THE STEWARTS, VOLUME 21 No. 2 (2001), pages 97 to 100.
By Henry Stewart Fothringham

Walter Fitz Alan
The family tree of the
First High Steward of Scotland

The problem of who exactly was Walter Fitz Alan, Ist High Steward of Scotland, has perplexed many minds over the years and several different conclusions have been reached by different genealogists. Part of the problem has been the sparseness of the data and the different interpretations capable of being put upon them, compounded by what looks to some like deliberate obfuscation of the facts. In this brief paper the writer throws down the ancestral gauntlet for historians to pick up and challenge their own pre-conceived ideas by re-examining all the available sources with an open mind. The editor looks forward to receiving informed responses on both sides of the debate.

Genealogists up to the eighteenth century seemed happy to accept that the Stewarts were descended from Banquo, Thane of Lochaber. This was derived principally from Hector Boece's History of Scotland and the Chronicles of Holinshed but they both drew on older material for their narratives. The latter was the source used by Shakespeare for Macbeth.. These notions, which accorded with the 'Secret Knowledge' preserved by only a very few persons at any one time, were also supported by a 'folk memory' of the events and by ancient lore and legend, but by very little documentary evidence. The idea was subsequently discredited by the discovery of seemingly conflicting evidence.

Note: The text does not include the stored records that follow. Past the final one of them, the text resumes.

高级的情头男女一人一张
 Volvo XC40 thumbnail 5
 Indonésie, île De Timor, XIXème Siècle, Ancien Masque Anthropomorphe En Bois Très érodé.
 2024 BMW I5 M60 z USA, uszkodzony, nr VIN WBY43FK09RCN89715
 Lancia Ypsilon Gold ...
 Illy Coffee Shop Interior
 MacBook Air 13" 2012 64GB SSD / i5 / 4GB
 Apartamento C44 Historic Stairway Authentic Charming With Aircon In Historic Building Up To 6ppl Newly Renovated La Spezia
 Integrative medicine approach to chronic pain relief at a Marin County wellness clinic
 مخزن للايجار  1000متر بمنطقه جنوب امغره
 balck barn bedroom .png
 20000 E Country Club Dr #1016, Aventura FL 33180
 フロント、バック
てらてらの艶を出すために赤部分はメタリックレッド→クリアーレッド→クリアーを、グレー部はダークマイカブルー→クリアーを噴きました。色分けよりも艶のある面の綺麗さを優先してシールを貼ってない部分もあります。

The idea that supplanted the Thanes of Lochaber thesis was that the Stewarts were descended from the Senescalls of Dol in Brittany and there is certainly evidence to support this interpretation. The evidence was brought together and published by George Chalmers in his Caledonia (1807-24), the manuscripts of which are now in the Advocates' Library in Edinburgh. What has not been generally realised, however, is that there is room for both interpretations, not forgetting that Walter son of Alan had a mother as well as a father. Victorian genealogists seemed to have had a fixation about patrilinear descent, quite overlooking the fact that the maternal lines were of equal, or even greater, importance in early times. The principle by which a cousin or nephew on the mother's side usually succeeded as king persisted in the Scottish monarchy for hundreds of years. Further, the new theory propounded in Chalmers' Caledonia so busied the minds of genealogists trying to prove it to be true that they forgot about trying to disprove the old theory; had they tried to do so they would have found that it was not going to lie down and die as quietly as they expected. At about this point also, conspiracy theory kicks in, suggesting that the House of Hanover wished deliberately to suppress the Scottishness of the Stewart ancestry in favour of a European descent.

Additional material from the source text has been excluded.